De plus, si un tel accès est impossible, l’entreprise doit mettre à disposition des utilisateurs ces données sans retard excessif, gratuitement et de manière permanente.
L’entreprise doit également indiquer les modalités de récupération de ces données générées par les produits ou leurs services liés.
Dans une optique de facilitation de l’utilisation de ces données par les utilisateurs, le Data Act envisage également la possibilité du partage de ces données par les utilisateurs avec des tiers, en vue de la fourniture de services après-vente ou d’autres services fondés sur les données.
Toutefois, le cas échéant, l’utilisation de ces données pour développer des produits concurrents ne serait pas autorisée.
Enfin, marque que le Data Act s’intègre dans le plan de Réglementation européen actuel sur les données, les grandes plateformes en ligne désignées comme contrôleurs d’accès (ou « gatekeepers ») au sens du « Digital Markets Act » ne pourront pas demander ou se voir accorder l’accès aux données sur le fondement du nouveau règlement.
La protection des PME par le Data Act
Afin de protéger les Petites et Moyennes Entreprises (PME) dans ce nouveau marché des données produites par l’IoT, le Data Act introduit des mesures ayant pour objectif de « rééquilibrer le pouvoir de négociation des PME en prévenant les déséquilibres contractuels excessifs dans les contrats de partage de données ».
Ainsi, le Data Act dresse la liste des clauses imposées unilatéralement jugées ou présumées abusives. Ce serait le cas, par exemple, d’une clause qui exclurait ou limiterait la responsabilité de la société pour faute intentionnelle ou négligence grave.
Dans le futur, la Commission a également prévu d’élaborer des clauses contractuelles types afin d’aider ces acteurs du marché à rédiger et à négocier des contrats équitables de partage de données.
Des avantages au profit du secteur public
Afin de ne pas pénaliser le secteur public dans des cas d’urgence ou de nécessité, le règlement propose un cadre harmonisé pour permettre aux organismes du secteur public d’accéder et d’utiliser les données détenues par le secteur privé dans des situations exceptionnelles.
Les cas d’urgence expressément listés par le règlement sont les suivants :
- lors d’une urgence publique ;
- pour la prévention d’une urgence publique ou la contribution au rétablissement à la suite d’une urgence publique ;
- lorsque l’absence de données disponibles empêche l’organisme du secteur public ou l’institution, l’organe ou l’organisme de l’Union de s’acquitter d’une mission spécifique d’intérêt public explicitement prévue par la loi.
La facilitation de l’interopérabilité des données entre fournisseurs cloud
Le dernier volet des mesures introduites par le Data Act entreprend de faciliter le quotidien des utilisateurs lors d’un changement de service de traitement de données.

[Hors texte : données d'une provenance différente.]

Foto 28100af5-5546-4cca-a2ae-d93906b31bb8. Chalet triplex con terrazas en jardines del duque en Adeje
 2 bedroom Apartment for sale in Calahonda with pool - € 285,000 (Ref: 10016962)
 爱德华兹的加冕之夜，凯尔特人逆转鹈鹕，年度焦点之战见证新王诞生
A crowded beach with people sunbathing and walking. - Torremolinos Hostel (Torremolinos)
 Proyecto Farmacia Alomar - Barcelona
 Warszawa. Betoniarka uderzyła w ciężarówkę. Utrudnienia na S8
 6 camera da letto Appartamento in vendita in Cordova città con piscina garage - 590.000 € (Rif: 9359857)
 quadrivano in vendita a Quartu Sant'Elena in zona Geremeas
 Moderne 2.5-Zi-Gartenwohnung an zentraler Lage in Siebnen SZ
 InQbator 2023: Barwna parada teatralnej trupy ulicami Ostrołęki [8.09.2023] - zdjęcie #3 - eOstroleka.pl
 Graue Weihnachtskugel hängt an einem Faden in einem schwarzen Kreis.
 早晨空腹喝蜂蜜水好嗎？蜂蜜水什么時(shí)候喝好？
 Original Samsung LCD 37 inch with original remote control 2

L’objectif est de permettre aux clients de changer de fournisseur de services, tout en bénéficiant d’une équivalence fonctionnelle et en limitant les côtés négatifs qui peuvent exister lors d’un changement de ce type.
Ainsi, le passage à un autre fournisseur devra être rendu possible dans un délai de 30 jours et s’accompagner d’une assistance. Pendant la transition, il est également nécessaire d’assurer la continuité du service.
Par ailleurs, trois ans après l’entrée en application du Data Act, plus aucun frais ne pourra être facturé aux clients en cas de changement de fournisseur.
Enfin, le Data Act envisage une normalisation européenne afin de favoriser une interopérabilité dans un cadre européen ainsi que l’imposition de garanties de sécurité des infrastructures cloud européenne en obligeant les fournisseurs à prendre toutes les mesures techniques, juridiques et organisationnelles raisonnables pour empêcher un transfert international illicite des données.
En définitive, le Data Act s’inscrit dans une logique de régulation européenne du marché intérieur numérique. Il prendra, dès son adoption formelle, sa place aux côtés de Règlements analogues comme le Data Governance Act ou même le Digital Service Act et le Digital Market Act qui, ensemble, forment un nouveau cadre européen de la donnée et des services et produits numériques.